Indeed, only six months into Trump’s presidency, it’s becoming hard to keep track of all the squirm-inducing moments. There was the brief sage of Trump’s initial national security advisor, Mike Flynn, who lasted in his job a mere 25 days, or the appointment of self-styled “terrorism expert” Sebastian Gorka. There was Trump’s bizarre speech at CIA headquarters the day after he was inaugurated, in which he rambled on about the crowd size at his inauguration ceremony and complained about media coverage. There was the “armada” he said was heading toward North Korea when it was actually steaming in the opposite direction, and his on-again, off-again, on-again attitude toward NATO and Article 5. There were the press releases, tweets, and announcements that misspelled the names of foreign leaders and the mini-crisis that erupted when Trump announced South Korea should pay for the THAAD missile-defense system that the U.S. had insisted be deployed there. And then there’s Trump’s weird decision to gut the State Department (apparently with the full support of his secretary of state) and to assign sensitive diplomatic tasks to his son-in-law, despite the latter’s complete lack of foreign-policy experience and checkered business career.
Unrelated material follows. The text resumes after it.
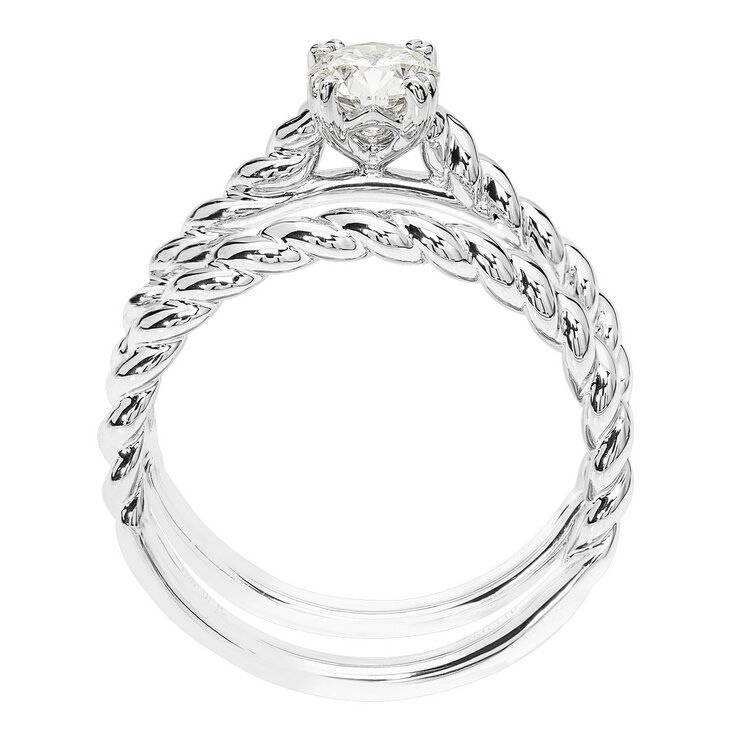 0.50克拉 圓形鑽石戒指 VS2/I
And don’t even get me started about Trump & Co.’s handling of relations with Russia and Kushner’s amateurish attempts to create some sort of backchannel to Moscow. With a record like this to defend, it’s no wonder the White House is trying to keep the press and the public in the dark about what it’s doing.
Why does any of this matter? Because the greatest achievements of U.S. foreign policy since World War II has been its ability, when it chose, to keep wars from breaking out or to end them quickly when they did occur. As I’ve explained before, a peaceful world is very much in the U.S. national interest, given how secure and well-off the United States already is. The combination of military strength and skilled diplomacy helped keep the peace in Europe and in much of Asia throughout the Cold War, and often (but not always) played a stabilizing role in the Middle East. It required not just credible military power, but also politicians who understood how the world worked and what the interests of others were, had a clear sense of America’s own interests, and were sufficiently consistent that others could count on them to do what they had promised.
By contrast, America’s biggest foreign-policy failures occurred when U.S. leaders started wars on our own (Iraq, 2003), escalated them for no good reason (Vietnam, 1965), or turned a blind eye to simmering conflicts and missed opportunities for peace (Korea in 1950 and the Middle East in 1966-67, 1971-72, and 1982). And many of these errors arose from impulsive and ignorant leaders who knew relatively little about the situations they were trying to manage.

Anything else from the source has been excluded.